Si mon cerveau avait une ou deux questions, ce n'était pas le cas de mon corps pour lequel les choses étaient très claires, voire même totalement naturelles. Et j'avais récidiver, avant même de la laisser répondre à ce que je lui avais demandé. Et j'avais l'impression, en l'embrassant, d'être délivré d'une frustration qui aurait été là depuis tellement longtemps que je ne la sentais plus. Sauf maintenant qu'elle était plus là, laissant un vide dans lequel je pourrais mettre quelque chose d'autre, quelque chose de positif.
C'était moi qui avait mis fin au premier baiser, mais c'était elle qui avait mis fin au deuxième, m'empêchant de recommencer gentiment, en posant son index sur mes lèvres. Ce simple geste avait quelque chose de mystique pour moi.

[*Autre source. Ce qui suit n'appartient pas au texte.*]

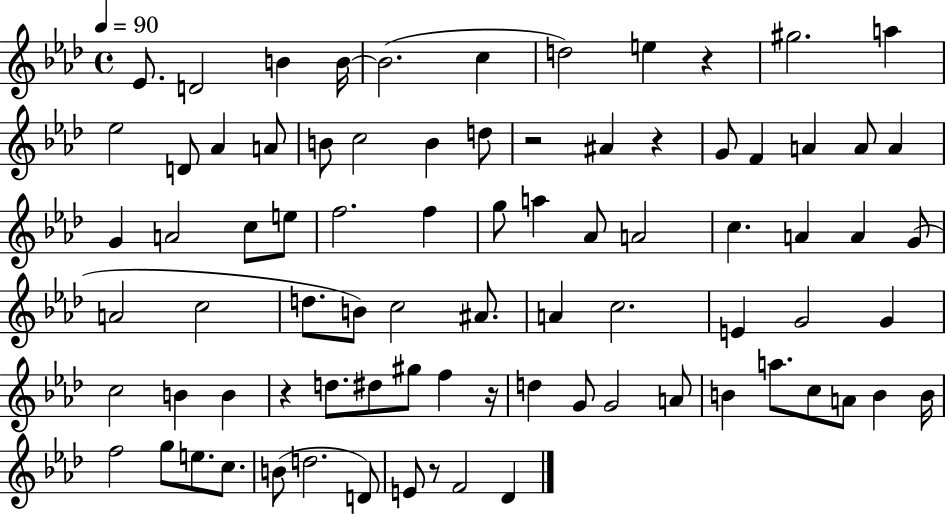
{
  \clef treble
  \time 4/4
  \defaultTimeSignature
  \key aes \major
  \tempo 4 = 90
  ees'8. d'2 b'4 b'16~~ | b'2.( c''4 | d''2) e''4 r4 | gis''2. a''4 | \break ees''2 d'8 aes'4 a'8 | b'8 c''2 b'4 d''8 | r2 ais'4 r4 | g'8 f'4 a'4 a'8 a'4 | \break g'4 a'2 c''8 e''8 | f''2. f''4 | g''8 a''4 aes'8 a'2 | c''4. a'4 a'4 g'8( | \break a'2 c''2 | d''8. b'8) c''2 ais'8. | a'4 c''2. | e'4 g'2 g'4 | \break c''2 b'4 b'4 | r4 d''8. dis''8 gis''8 f''4 r16 | d''4 g'8 g'2 a'8 | b'4 a''8. c''8 a'8 b'4 b'16 | \break f''2 g''8 e''8. c''8. | b'8( d''2. d'8) | e'8 r8 f'2 des'4 | \bar "|."
} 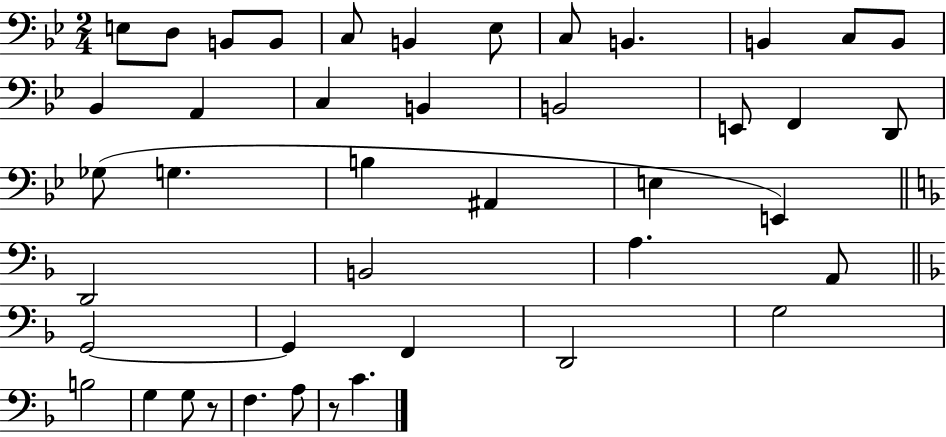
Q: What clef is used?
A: bass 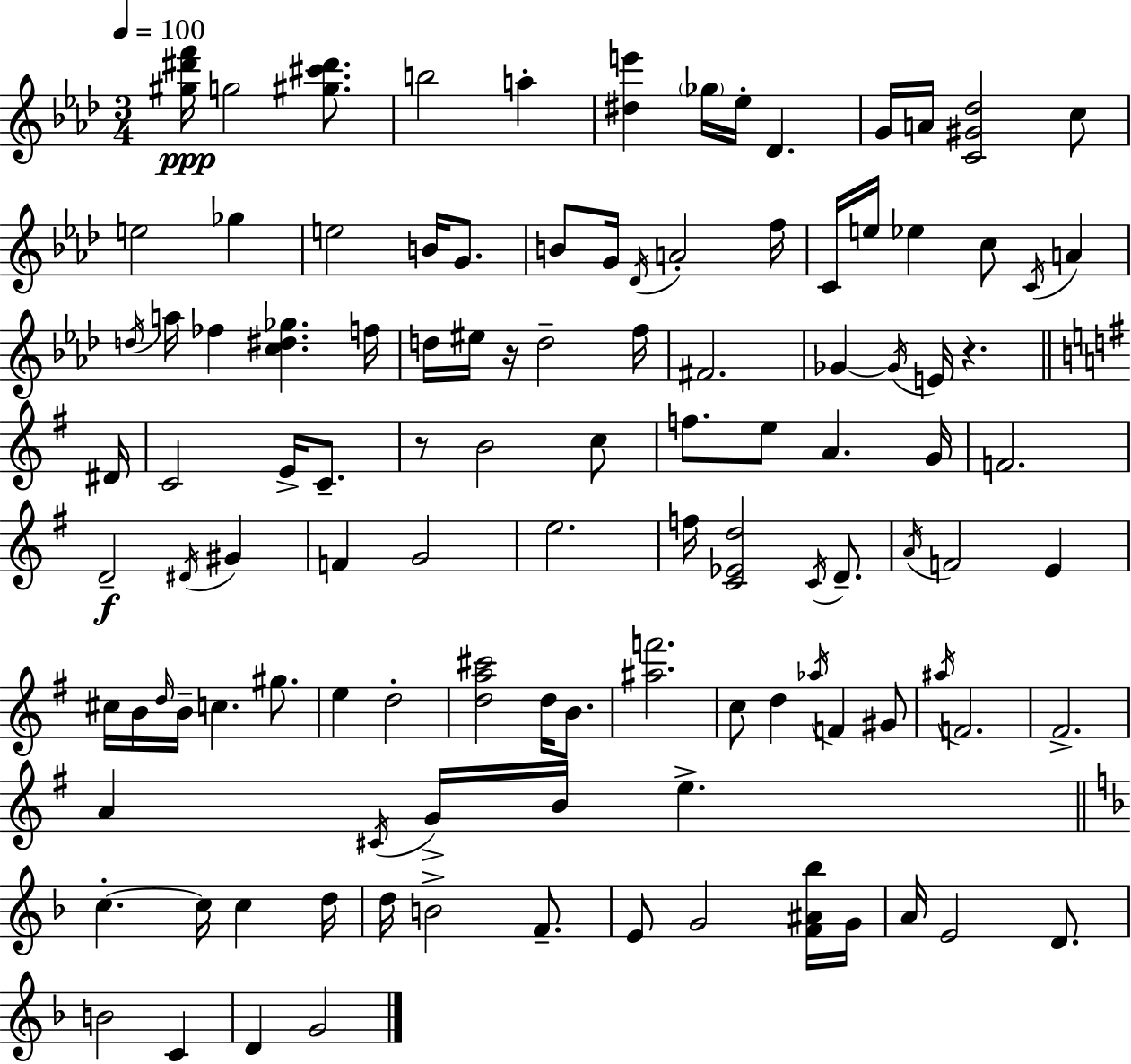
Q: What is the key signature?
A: AES major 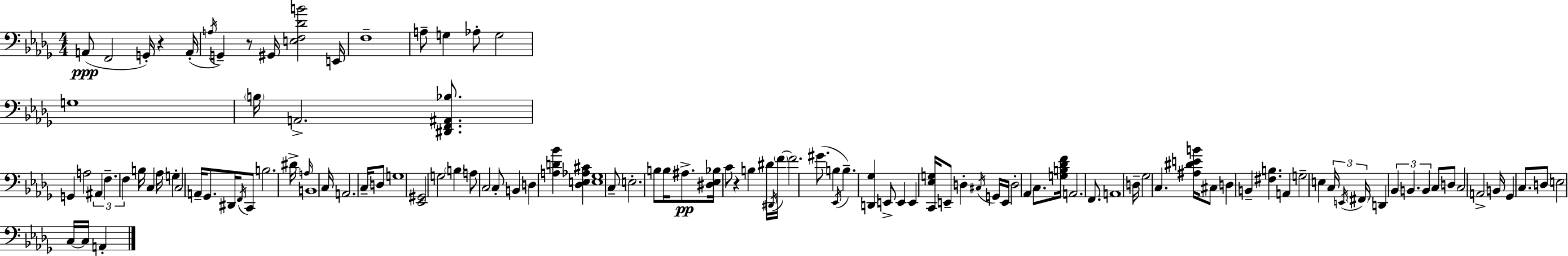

Il signifiait à la fois « Tais-toi » et « Reste tranquille » mais sans aucune agressivité. Juste la promesse qu'au moment même où elle le retirerait, je pourrais recommencer. Ce genre de geste, je n'y avait droit que rarement. En général, avec les femmes que je côtoyais, on allait toujours droit au but.
J'obéis donc à ses ordres silencieux. Et elle, en échange, répondit à ma question. Je ne pouvais plus avoir de doutes sur ce qu'elle disait : si Billy n'était pas le plus grand bouffeur de pizzas Hawaii de Californie, moi, j'étais Mère Thérésa. Billy était donc au courant, il avait retrouvé sa sœur, et ce depuis un moment. Et il ne m'en avait même pas encore parlé !
Mais pouvais-je ne serait-ce que penser à lui en vouloir ? Non . Depuis quand je n'avais pas vu Billy, je n'en avais plus aucune idée. Dans ma vie, les jours défilaient, irréguliers comme les battements de mon cœur. Et je n'étais même plus sûr de pouvoir, tel un enfant, réciter les jours de la semaine sans en oublier un ou deux ou les mettre dans le désordre. Mais je m'y retrouvais dans la vie selon d'autres repères comme, par exemple, la régularité des crises de manque, le feu d'artifice sur la plage qui avait toujours lieu le samedi soir, pour les touristes ou le coup de fil de Lenny du mercredi lorsqu'il s'assurait que je n'étais pas mort. D'ailleurs, j'avais toujours du mal à comprendre pourquoi les gens autour de moi avaient toujours cette impression que j'avais la mort aux trousses.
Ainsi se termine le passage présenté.